◆ Exercise instructions
What you return must be the full listing, word for word, with no images in it.
----- Supplied data
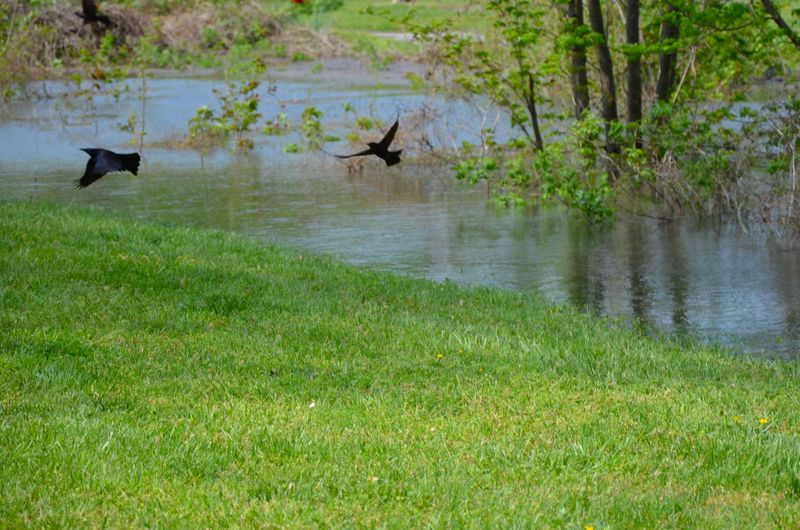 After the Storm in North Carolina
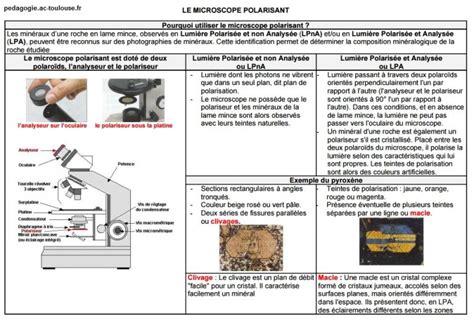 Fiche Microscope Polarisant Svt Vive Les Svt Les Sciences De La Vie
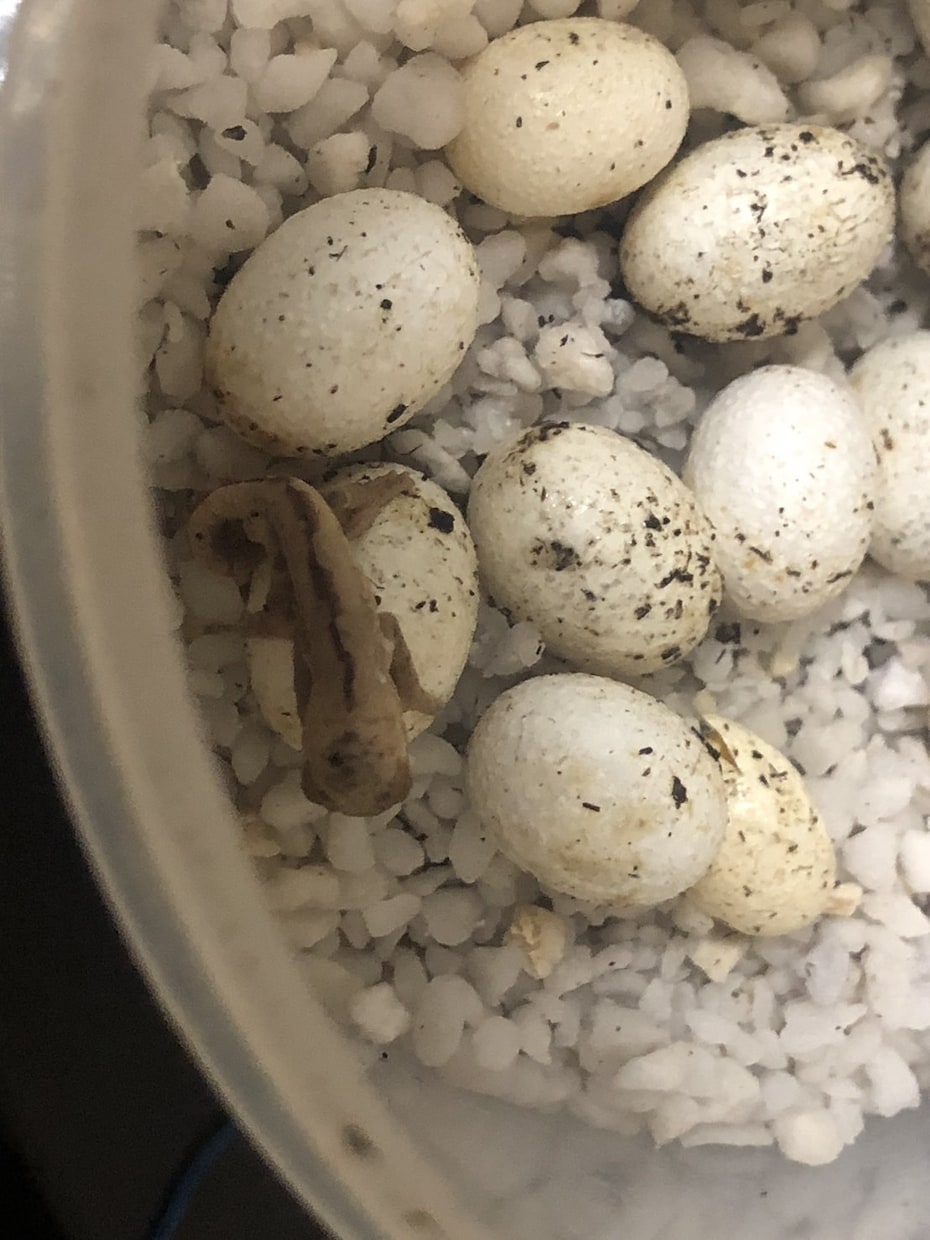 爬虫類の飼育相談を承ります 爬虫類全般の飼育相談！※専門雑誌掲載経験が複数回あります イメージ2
----------
◆ Solution
 After the Storm in North Carolina
 Fiche Microscope Polarisant Svt Vive Les Svt Les Sciences De La Vie
 爬虫類の飼育相談を承ります 爬虫類全般の飼育相談！※専門雑誌掲載経験が複数回あります イメージ2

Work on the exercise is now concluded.